ONTARIO CIVILIAN COMMISSION ON POLICE SERVICES
REASONS FOR DECISION
CONSTABLE ROY FRIGHT
Appellant
and
HAMILTON POLICE SERVICE
Respondent
Presiding Members: Barbara Morland Wellard, Member Brenda Weese, Member
Appearances:
Doug Allan, Agent for the Appellant
Brian Duxbury, Counsel for the Respondent
Hearing Date: Tuesday, September 10th, 2002
On the 5th day of December, 2001, Superintendent Terry Sullivan (the “Hearing Officer”) found Constable Roy Fright, in his role as Acting Sergeant, guilty of the disciplinary offence of Neglect of Duty for failing to ensure that appropriate reports were submitted in relation to an incident.
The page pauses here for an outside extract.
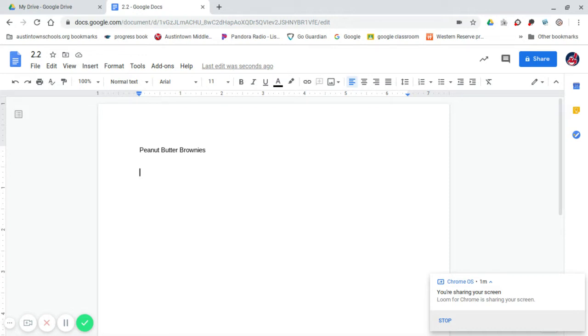Once you have typed the entire recipe and all the directions, then you go back and you start reading direction by direction, step by step, and making adjustments. One of the first things it is going to tell you to do is to use the bullets.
On January 17th, 2002, the Hearing Officer assessed a penalty of 4 hours to be taken from overtime, court time or sick time.
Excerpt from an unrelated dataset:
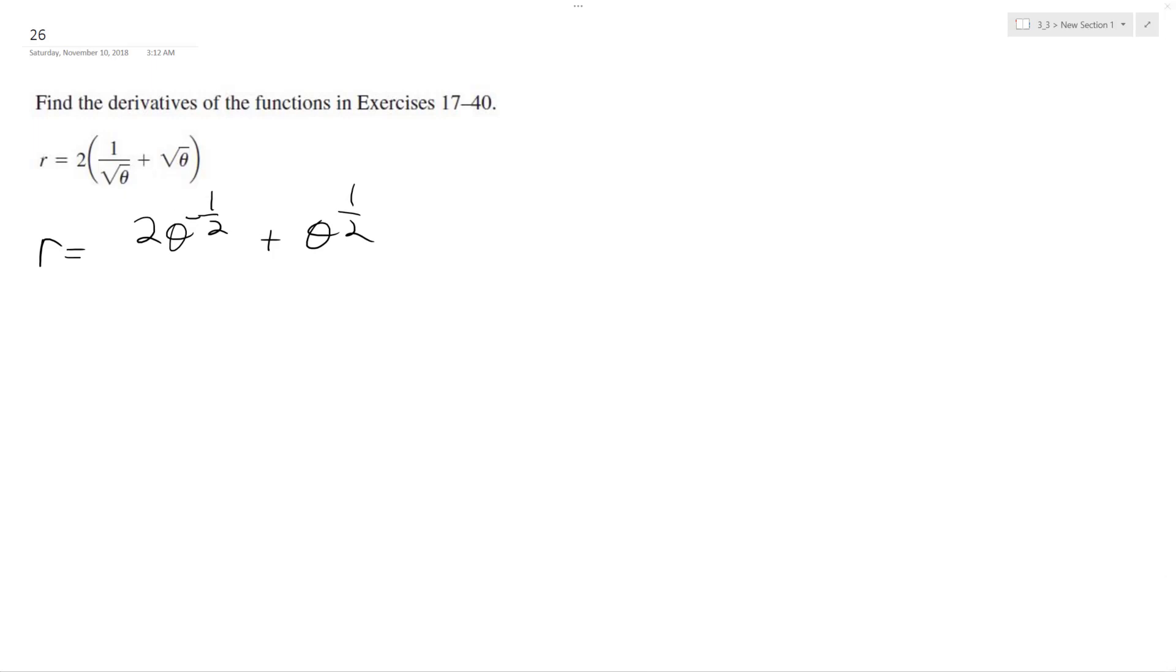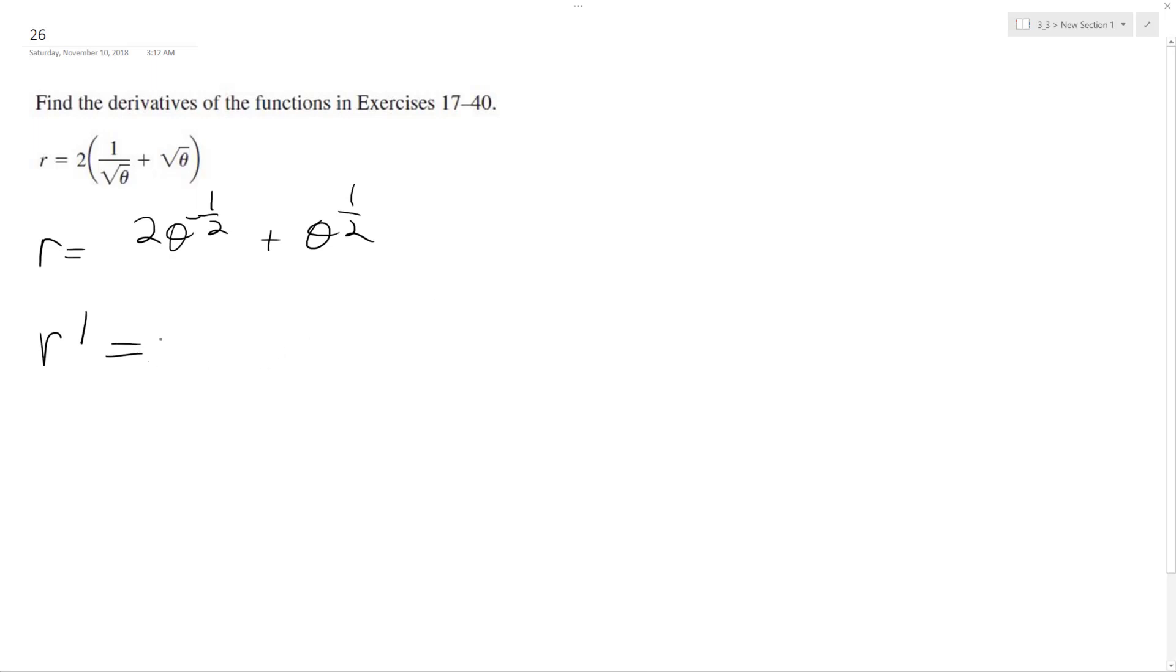So now, r prime is going to be equal to 2, which is the constant, pull out the negative 1 half, and theta raised to the negative 3 halves, plus 1 half theta raised to the negative 1 half.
Constable Fright appeals the finding of Neglect of Duty but not the penalty assessed.
The Facts:
By Notice of Hearing dated March 19th, 2001, the Appellant was charged with one count of misconduct contrary to section 2(1)(c)(i) of the Code of Conduct found at Ontario Regulation 123/98 (the “Code”). The single count of misconduct against Constable Fright was as follows:
… on or about the 18th of September, 2000, while a sworn member of the Hamilton-Wentworth Regional Police Service (now Hamilton Police Service), did, without lawful excuse, neglect or omit promptly and diligently to perform his duty as a member of the Police Service by failing to ensure that appropriate reports were submitted in relation to an incident to which the Police Services responded at Centre Mall (Daniel’s Restaurant) and/or by failing to … submit a report in relation to the incident as an assisting officer, thereby committing the offence against discipline of Neglect of Duty.
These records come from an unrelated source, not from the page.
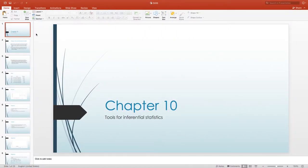Welcome to my lecture on Chapter 10, which is on tools for inferential statistics.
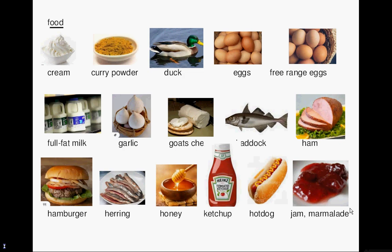Welcome to lesson 24. English language vocabulary: food.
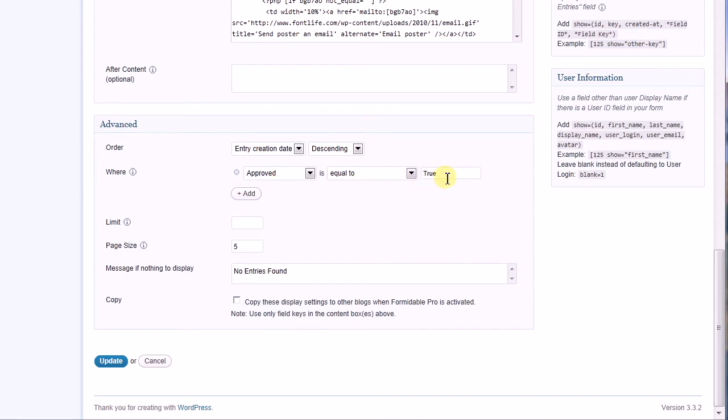So our Where clause is approved is equal to true. Now, you might have built your form with a yes-no approval field. If so, then your Where clause is approved is equal to yes.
The events giving rise to this allegation were not in dispute. An agreed Statement of Facts was filed at the hearing by both the Appellant and the Respondent and received as Exhibit 3. It read as follows:
On Monday, September 18th, 2000 at approx. 3:32 pm an anonymous male caller called police and stated that he had observed two males seated at the patio at Daniel’s Restaurant, located within the Centre Mall, and that one male looked like he had the butt of a gun hanging inside his shirt above his pants.
P.C. Mark Stringer was the primary unit dispatched to the call and a total of (7) uniform officers, including the supervisor, Acting Sergeant Fright and two plainclothes officers responded to the scene. The first unit arrived within one minute of the call being dispatched, and the response was then co-ordinated to ensure that a proper perimeter was set up around the restaurant.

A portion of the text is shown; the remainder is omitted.